Scraped caption text data
========================================================================
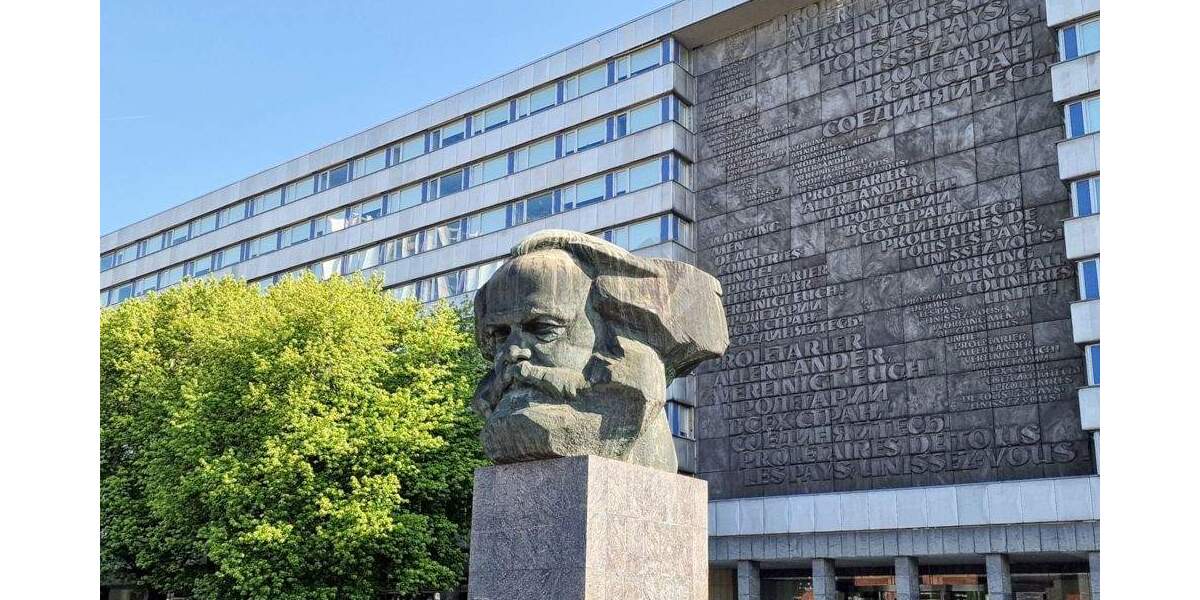 Etagenwohnung Chemnitz Rabenstein - 4 Zimmer, 82 m&sup2;, 1.110&euro; | Angebot:24450909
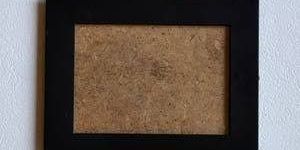 Metal Wall Hanging Picture Frame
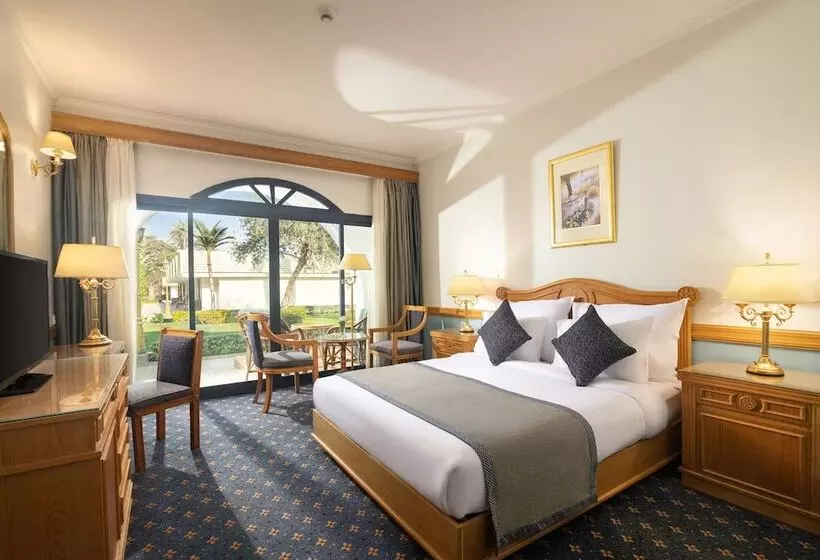 Fotos del hotel The Oasis Hotel Pyramids:  18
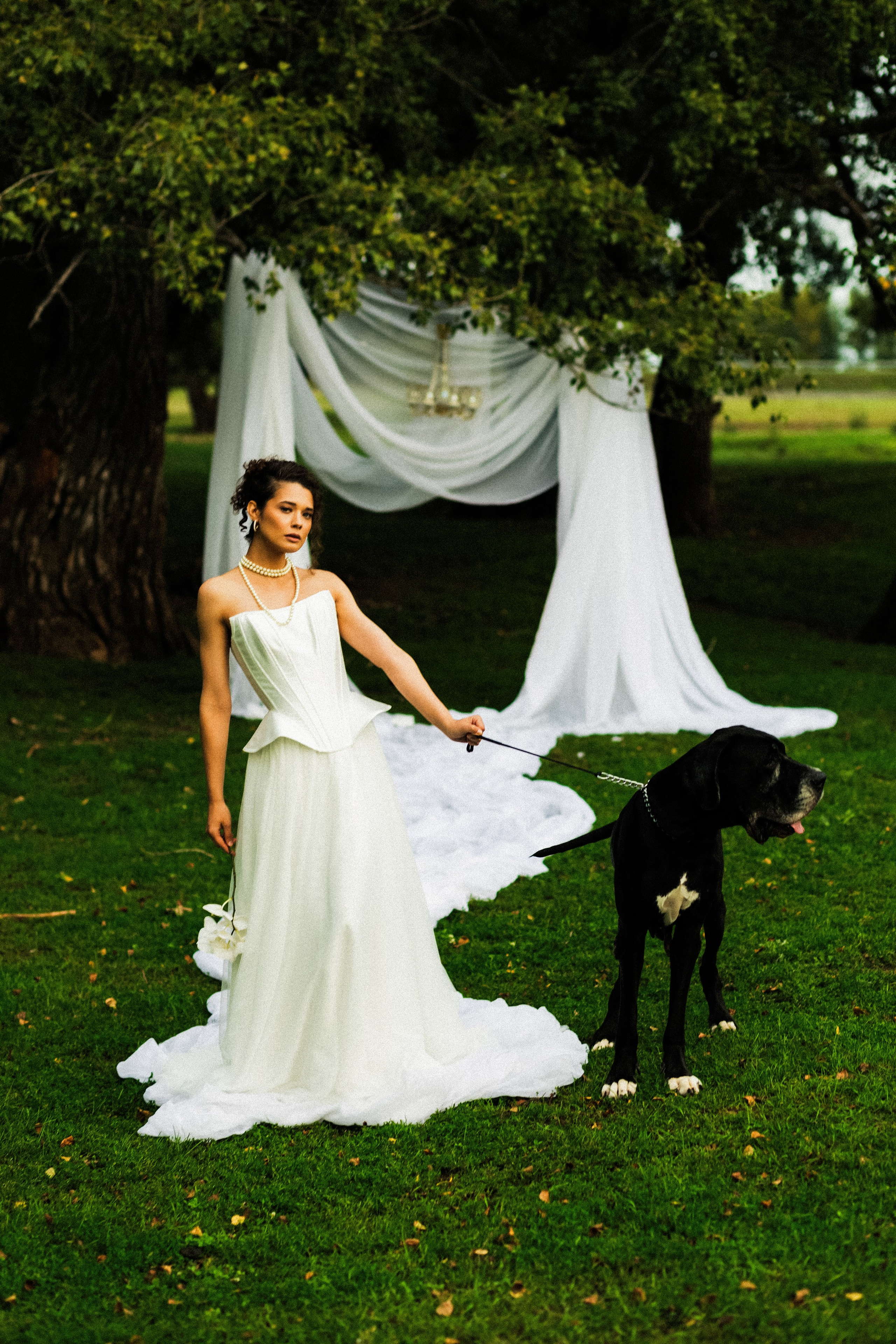 Sveta & Dakota. Индивидуальный фотограф в Оренбурге Кристина Студеникина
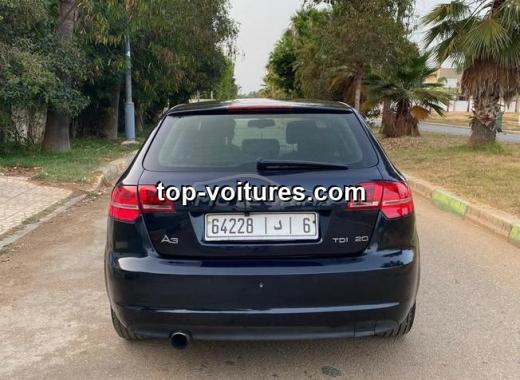Audi A3 Berline 2011 — photo 5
========================================================================
PROBLEM REQUIREMENTS: In the entries above, find the line containing "Metal Wall Hanging Picture Frame"; transcribe exactly that line and every line after it through the end, and only those, omitting pictures.

RESULT OF THE TASK:
 Metal Wall Hanging Picture Frame
 Fotos del hotel The Oasis Hotel Pyramids:  18
 Sveta & Dakota. Индивидуальный фотограф в Оренбурге Кристина Студеникина
Audi A3 Berline 2011 — photo 5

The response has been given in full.